The bulk of the book is designed around strengthening those four reflective abilities, and in teaching us that “the real power of awareness is found when we master action and introspection together.” Its main goal is to help you become more aware of yourself, of others, and of your environment, and through that awareness be able to adapt to the changes around us rather than resist them, to act on that awareness in a way that is transformational for ourselves, our companies, and our communities. One of the first things we need in order to do that is a little humility, to stop thinking that we already know everything, or know better than others. “Our obsession with being the smartest person in the room,” the authors write, “gets in the way of adapting to the future.” We have to be honest with ourselves about what we don’t know. We have to become comfortable with uncertainty, “comfortable being uncomfortable,” open to new experiences and new information, and open to changing our mind when presented with that new information. To adapt, to be our best selves, we must blend confidence and humility:  

 

By expanding our minds, enriching our experiences, and shaping our destinies, we discover our purpose in life. Being conscious enables us to approach life as a journey. Equipped with everything we need—an open mind and heart, confidence and resilience, and our capacity for greater consciousness—we embrace the uncertainty of life. Conscious is the accelerator for effective change. The more conscious we are, the faster we adapt, and the higher performing we become.

 

On this journey, the authors will teach the importance of, and how to: Tap into your innate wisdom; Build emotional resilience; Allow yourself to be vulnerable and imperfect; Be aware of your attachments, and mindful of others; Accept uncertainty and the anxiety it manifests as a fact of life, and use it as productive energy to make it work for you instead of against you; Activate a growth mindset, a “both/and” rather than “either/or” way of thinking; Recognize and nurture the talent of others; Incorporate diversity, inclusion, and alternate perspectives in the search for innovation, and so much more. On that last point, they write:

 

As we learn to truly respect our differences in age, ethnicity, and gender, as well as in education, religion, and politics, we broaden our capacity to see the world. We become more mentally and socially agile, gain access to more ideas and choices, and expand our potential and performance.

 

The also write about how to handle the deluge of information we’re all met with every day, and how important it is to be conscious of how we consume it:

 

There’s a lot of discussion these days about “alternative facts.” Too much information makes it easy to confuse the reality. Are you using fact-based assertions or opinion-based assumptions? One is verifiable; the other is not. In our fast-paced world, reality does matter.

 

Because we get so much of our information—both at work and away from it—online, we need to make sure the digital ecosystem we exist in isn’t an echo chamber of our own way of thinking, and that requires conscious, deliberate effort. “We need to teach our computers to broaden our context,” they suggest, “and bring us information that will help us expand our minds.”

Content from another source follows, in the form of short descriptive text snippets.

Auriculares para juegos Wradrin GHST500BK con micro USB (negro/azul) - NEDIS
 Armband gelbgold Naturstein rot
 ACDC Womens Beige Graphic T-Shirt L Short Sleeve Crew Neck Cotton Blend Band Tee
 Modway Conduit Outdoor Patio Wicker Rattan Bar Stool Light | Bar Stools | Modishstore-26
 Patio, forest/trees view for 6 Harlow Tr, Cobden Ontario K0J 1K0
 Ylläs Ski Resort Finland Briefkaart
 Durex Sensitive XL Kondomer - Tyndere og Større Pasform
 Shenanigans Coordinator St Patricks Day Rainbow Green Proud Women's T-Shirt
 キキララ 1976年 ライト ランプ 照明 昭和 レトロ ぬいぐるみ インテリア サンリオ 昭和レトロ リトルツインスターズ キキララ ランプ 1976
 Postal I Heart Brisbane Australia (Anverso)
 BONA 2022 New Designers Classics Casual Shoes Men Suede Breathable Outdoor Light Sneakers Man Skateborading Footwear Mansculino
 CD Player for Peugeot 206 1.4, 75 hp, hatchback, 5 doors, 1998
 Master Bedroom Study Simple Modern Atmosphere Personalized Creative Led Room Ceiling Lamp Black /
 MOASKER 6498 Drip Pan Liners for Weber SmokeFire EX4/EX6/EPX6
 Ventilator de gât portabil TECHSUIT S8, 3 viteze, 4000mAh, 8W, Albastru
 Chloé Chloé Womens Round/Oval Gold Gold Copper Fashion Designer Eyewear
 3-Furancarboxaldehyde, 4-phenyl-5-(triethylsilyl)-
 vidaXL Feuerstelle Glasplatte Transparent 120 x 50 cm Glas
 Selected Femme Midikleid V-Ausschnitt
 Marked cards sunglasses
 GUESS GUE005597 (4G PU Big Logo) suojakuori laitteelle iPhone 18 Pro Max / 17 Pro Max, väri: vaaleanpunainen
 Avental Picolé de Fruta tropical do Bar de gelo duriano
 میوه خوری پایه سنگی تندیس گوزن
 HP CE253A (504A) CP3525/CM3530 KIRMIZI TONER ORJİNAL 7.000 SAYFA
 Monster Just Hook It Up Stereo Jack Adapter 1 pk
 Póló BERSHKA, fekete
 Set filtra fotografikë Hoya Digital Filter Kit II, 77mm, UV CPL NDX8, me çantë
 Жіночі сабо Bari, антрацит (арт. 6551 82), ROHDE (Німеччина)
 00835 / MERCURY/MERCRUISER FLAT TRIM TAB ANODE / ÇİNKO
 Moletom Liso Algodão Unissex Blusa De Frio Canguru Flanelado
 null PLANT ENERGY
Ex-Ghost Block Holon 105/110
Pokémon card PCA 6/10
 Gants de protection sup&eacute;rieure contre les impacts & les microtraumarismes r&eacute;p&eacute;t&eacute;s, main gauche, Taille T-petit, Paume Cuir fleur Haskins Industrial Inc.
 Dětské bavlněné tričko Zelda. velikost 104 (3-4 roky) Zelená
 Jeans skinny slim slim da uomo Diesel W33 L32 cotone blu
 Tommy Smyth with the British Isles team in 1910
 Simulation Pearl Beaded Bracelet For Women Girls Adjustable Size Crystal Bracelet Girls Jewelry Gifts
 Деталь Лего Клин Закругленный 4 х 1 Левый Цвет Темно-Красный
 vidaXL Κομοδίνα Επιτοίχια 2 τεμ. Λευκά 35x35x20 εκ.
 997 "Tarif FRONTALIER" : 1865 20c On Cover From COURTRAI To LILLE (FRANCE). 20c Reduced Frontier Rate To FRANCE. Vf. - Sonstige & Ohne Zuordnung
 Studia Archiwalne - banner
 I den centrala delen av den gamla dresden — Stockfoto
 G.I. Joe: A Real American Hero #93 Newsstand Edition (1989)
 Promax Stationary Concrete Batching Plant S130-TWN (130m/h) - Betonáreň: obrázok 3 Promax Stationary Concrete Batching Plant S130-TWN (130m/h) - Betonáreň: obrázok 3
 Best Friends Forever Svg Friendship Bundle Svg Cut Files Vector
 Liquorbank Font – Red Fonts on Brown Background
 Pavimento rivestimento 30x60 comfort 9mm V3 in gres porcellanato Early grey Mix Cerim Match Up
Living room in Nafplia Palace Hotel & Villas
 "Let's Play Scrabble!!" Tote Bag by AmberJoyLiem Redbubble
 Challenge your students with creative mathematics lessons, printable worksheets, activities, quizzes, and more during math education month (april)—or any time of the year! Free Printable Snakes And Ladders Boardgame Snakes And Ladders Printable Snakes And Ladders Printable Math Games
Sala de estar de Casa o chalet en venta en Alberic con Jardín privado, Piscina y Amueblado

They write about how to leverage your personal ecosystem—your brand, your relationships, and your network—in a way that shows gratitude, is generous to others, and productive for all. They explain why learning about people, and about yourself, is as important as learning new technologies and new business practices, why developing relationships is as important as developing strategy, and why the ability to learn is as important as the ability to solve. They reveal why, in a world that requires constant adaption, “[s]haring trumps hoarding, cooperation trumps heroics, and generosity trumps self-interest,” why love trumps fear, and who you are trumps what you know. They show us how our challenges are our greatest opportunities, and in uncertainty lies our greatest possibilities.

They ask that we consider our legacy not in terms of how we’re remembered, but by what we contribute to the world, and to those around us. “It’s up to you,” the authors write in closing, “to carve your legacy not in stone but in the hearts and minds of the people who you have touched.”

“Being conscious,” as they say, “is the new smart.” Stay woke.